The Japan Socialist Youth League (日本社会主義青年同盟, Nihon Shakaishugi Seinen Dōmei), usually abbreviated Shaseidō (社青同), was a Japanese socialist youth organization originally affiliated with the Japan Socialist Party and active in the 1960s, 1970s, and 1980s as part of the Japanese New Left. Shaseidō had both a student wing and a young workers wing.

==History==
In 1960, the Zengakuren nationwide student federation dissolved in a series of schisms arising from contentious debates over who was to blame for the failure of the massive Anpo protests to prevent passage of the U.S.-Japan Security Treaty. Hoping to capture a slice of the splintering student movement in Japan, the Japan Socialist Party (JSP) established a new party youth wing, called the Japan Socialist Youth League, in order to institutionalize the piece of Zengakuren controlled by JSP-affiliated student activists. Thereafter, the "Shaseidō Zengakuren" was one of several Zengakurens competing for the title of the "true" Zengakuren.

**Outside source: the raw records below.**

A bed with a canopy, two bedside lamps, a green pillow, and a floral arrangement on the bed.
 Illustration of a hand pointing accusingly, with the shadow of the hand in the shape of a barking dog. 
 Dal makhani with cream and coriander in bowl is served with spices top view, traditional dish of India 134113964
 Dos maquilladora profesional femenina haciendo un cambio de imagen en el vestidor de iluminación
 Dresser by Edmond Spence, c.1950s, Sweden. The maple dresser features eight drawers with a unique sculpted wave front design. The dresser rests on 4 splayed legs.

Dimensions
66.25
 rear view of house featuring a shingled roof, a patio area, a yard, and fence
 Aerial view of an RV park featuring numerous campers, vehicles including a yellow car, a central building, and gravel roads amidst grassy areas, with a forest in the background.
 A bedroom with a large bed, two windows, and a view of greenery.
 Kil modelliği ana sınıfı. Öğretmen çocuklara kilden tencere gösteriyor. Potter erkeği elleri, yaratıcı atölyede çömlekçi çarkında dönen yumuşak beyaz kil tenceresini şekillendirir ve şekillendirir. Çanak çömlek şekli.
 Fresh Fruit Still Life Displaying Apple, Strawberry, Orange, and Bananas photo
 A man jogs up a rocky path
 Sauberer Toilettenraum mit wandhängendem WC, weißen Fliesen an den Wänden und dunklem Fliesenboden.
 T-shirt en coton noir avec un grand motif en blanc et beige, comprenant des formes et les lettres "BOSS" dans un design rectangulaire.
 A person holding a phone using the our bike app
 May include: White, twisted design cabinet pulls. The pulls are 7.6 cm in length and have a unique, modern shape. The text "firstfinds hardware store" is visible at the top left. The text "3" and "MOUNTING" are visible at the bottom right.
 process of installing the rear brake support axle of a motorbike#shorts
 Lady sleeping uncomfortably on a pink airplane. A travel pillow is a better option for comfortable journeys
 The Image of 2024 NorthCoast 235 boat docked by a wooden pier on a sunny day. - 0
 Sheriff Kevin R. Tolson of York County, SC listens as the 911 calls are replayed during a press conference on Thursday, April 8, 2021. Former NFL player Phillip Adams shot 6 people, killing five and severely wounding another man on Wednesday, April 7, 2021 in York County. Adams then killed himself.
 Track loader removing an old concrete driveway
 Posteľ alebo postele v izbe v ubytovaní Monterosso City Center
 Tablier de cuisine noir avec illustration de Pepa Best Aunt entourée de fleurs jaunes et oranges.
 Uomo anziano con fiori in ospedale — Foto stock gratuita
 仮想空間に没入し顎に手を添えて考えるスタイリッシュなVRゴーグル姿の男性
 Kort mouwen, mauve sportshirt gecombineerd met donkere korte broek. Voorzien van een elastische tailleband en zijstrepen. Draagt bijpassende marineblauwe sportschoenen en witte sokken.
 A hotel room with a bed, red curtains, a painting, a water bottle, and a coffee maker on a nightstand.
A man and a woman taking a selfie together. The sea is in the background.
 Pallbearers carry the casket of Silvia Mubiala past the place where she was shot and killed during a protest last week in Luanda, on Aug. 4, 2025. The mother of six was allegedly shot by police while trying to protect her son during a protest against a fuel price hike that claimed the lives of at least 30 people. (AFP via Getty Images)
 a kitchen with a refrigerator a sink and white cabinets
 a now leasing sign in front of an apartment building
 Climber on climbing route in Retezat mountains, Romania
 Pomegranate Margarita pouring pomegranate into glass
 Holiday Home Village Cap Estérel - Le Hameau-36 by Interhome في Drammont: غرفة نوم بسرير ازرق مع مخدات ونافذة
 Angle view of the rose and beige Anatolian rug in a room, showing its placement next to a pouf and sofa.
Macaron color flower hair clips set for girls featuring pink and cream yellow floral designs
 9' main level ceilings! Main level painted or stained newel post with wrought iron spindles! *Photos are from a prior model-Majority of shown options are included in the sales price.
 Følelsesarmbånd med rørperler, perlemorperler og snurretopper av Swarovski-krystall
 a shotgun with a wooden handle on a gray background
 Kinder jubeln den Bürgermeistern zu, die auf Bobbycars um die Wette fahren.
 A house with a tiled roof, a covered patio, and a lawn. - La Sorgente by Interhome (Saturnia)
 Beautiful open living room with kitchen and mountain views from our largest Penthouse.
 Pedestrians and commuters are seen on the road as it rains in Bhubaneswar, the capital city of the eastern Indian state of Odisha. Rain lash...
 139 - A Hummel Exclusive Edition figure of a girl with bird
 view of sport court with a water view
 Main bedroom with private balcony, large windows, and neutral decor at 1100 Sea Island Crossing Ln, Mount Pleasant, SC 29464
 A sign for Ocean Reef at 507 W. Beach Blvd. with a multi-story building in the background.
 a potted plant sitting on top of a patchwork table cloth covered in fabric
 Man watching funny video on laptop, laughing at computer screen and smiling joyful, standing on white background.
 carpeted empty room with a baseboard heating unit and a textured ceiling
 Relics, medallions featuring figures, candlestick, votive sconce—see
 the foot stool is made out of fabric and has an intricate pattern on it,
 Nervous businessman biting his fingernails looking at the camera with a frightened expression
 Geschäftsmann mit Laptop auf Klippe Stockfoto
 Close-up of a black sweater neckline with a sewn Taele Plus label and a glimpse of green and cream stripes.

Originally, Shaseidо̄ was dominated by the "Structural Reform" faction of the JSP, which proposed gradually reforming Japanese society along more socialist lines in a peaceful, democratic manner. At Shaseidо̄'s 4th Congress in 1964, however, the Structural Reform Faction was ousted from power and replaced by the "Socialist Association" faction, focused around members in the JSP's Socialist Association think tank, and which advocated working toward a thoroughgoing socialist revolution in Japan. Nevertheless, some of the most radical socialist youth activists felt even this was too gradualist. Those activists who favored pushing for an immediate, possibly violent socialist revolution broke away to form the "Liberation Faction" in 1965, under the slogan "immediate worldwide proletarian revolution."

In 1967, the Socialist Association experienced a schism of its own, leading to further schisms in Shaseidō. At the 9th Shaseidō Congress in 1969, open confrontation appeared between the Sakisaka faction (followers of Socialist Association ideologue Itsurō Sakisaka comprising the mainstream of the Association faction), the Ota faction (followers of former Sōhyō chairman Kaoru Ōta), and the "Anti-War" faction (militants favoring immediate, violent revolution). Over the next few years, all of the factions and various subfactions were either expelled or left Shaseidō of their own accord, such that by the 10th Congress in 1971, the Sakisaka faction was left in almost complete control of the organization. Among the factions expelled was the highly militant young workers wing, known as the Revolutionary Workers Association (Kakumeiteki Rōdōsha Kyōkai or Kakurōkyō), which remains active today.

After 1971, the remainder of Shaseidō remained fairly unified and continued to function as the youth wing of the JSP until the party's own dissolution in 1996, and some successor organizations are still active today.